Because the rays travel for some time, the model does not output the text all at once, as it doesn’t exist in an instant. The response is assembled piece by piece in the process of multiple reflections and refractions (streaming).

In an ordinary kaleidoscope, this process can be observed if you look into the eyepiece while turning the tube. At that moment, you see how the pattern does not appear instantly but builds itself. But once it’s built, the changes stop. That is, the shape of the pattern is finite. Similarly, the system’s response is finite when it has reflected all the nuances; from that moment, nothing changes unless the next question is asked.

While the rays are bouncing between the mirrors, they additionally turn some rhinestones. This creates a coherent context of the question and answer. That is, with a subsequent question, the system will take into account both the original question and its own answer to it.

Recently, a technology called Retrieval-Augmented Generation (RAG) has become widespread, where the model is connected to the internet or some external knowledge base and can construct answers based on a synthesis of external data, filtered through its own prism. This is like a stencil for the query to build the answer with it in mind. Analogous to writing a poem and deciding to discuss it with the kaleidoscope, passing the content in the query. But this doesn’t negate the locked-in beads.

If you press the “Regenerate” button, it’s equivalent to turning the kaleidoscope tube or shaking the beads in the lake. The mirrors remain in their previous state, but other beads or their facets start coming into their field of view. Therefore, the response is similar in form (meaning) but not identical.

Resetting the context returns the mirror rhinestones to their original state.

Pressing the “Stop” button is equivalent to turning off the light in the tunnel. When you press “Continue,” the light turns on again, and the pattern completes itself. However, some rays that didn’t have time to reach the mirrors and slightly turn the rhinestones disappear. So a small amount of context is lost. That is, after stopping and continuing, the response might be slightly different from what it would have been without pressing Stop.

Why the Response is Finite and Yet Multifaceted

In front of you hangs a painting on the wall, a landscape.

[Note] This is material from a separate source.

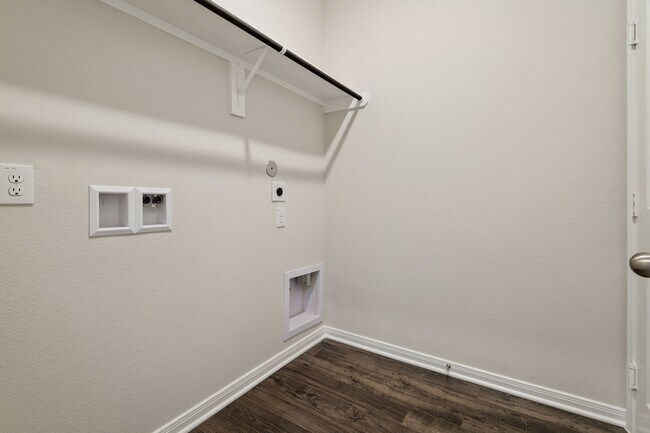 Foto del edificio - 15531 Caramel Spgs Dr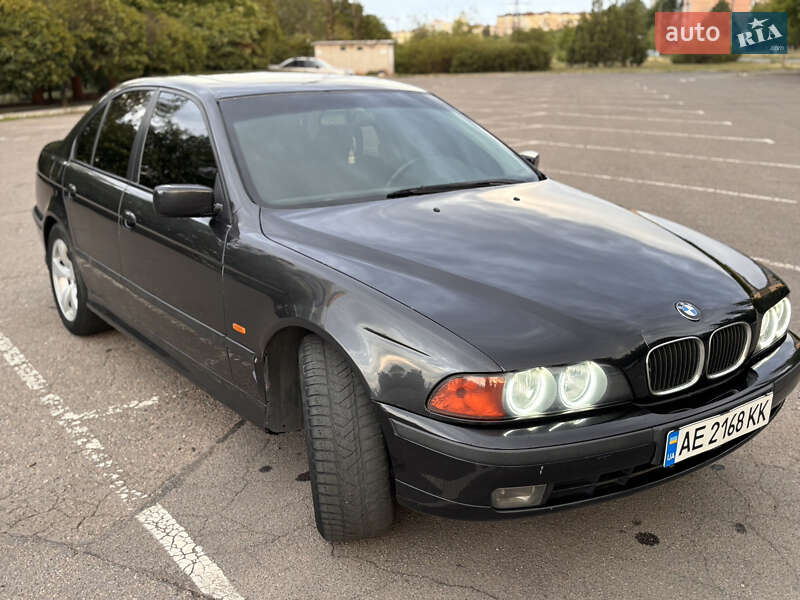 Седан BMW 5 Series 1996 в Кривом Роге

If asked: “What do you see?” You will most likely describe the largest details: a field, a forest, a river. The answer ends. But if you ask: “Do you see a flock of birds above the forest?” You’ll add: “Yes, they are flying towards the field.” And each time your answer ends because you only pick out the largest details from the picture that match the query. But why not everything, since there are many details? However, if you were asked to write an essay about this painting, then the answer would be completely different.

If you take a step to the side, now the painting is illuminated differently for you: some things are shaded, others become brighter. The river almost blends with the field, but the flock of birds literally glows; it’s impossible not to notice. The repeated question “What do you see?” might elicit a different answer and sequence. In this sense, AI works exactly the same after you turn the tube (shake the beads).

One and the same picture, yet so many variations.

How Can the Model Do Math if It’s a Kaleidoscope?

What is 7 x 7?” Do you calculate this, or do you just remember the answer?

The model does not perform arithmetic operations like a calculator if you ask to add 2 + 3. Instead, it merges the rays of “2”, “+”, “3”. For it, these are not numbers, but simply some rays that together point towards the bead “5”, if such a bead exists at all. If such a bead doesn’t exist, the model points to a similar or close one: ~4.8. That is, the model doesn’t calculate but simply finds the most similar answer it has seen somewhere in a large volume of information. This is why the model can make mistakes. It also shows how strongly the answer depends on the quality of the beads contained in the lake. Imagine if there was a typo in the school multiplication table, and you studied it all vacation long.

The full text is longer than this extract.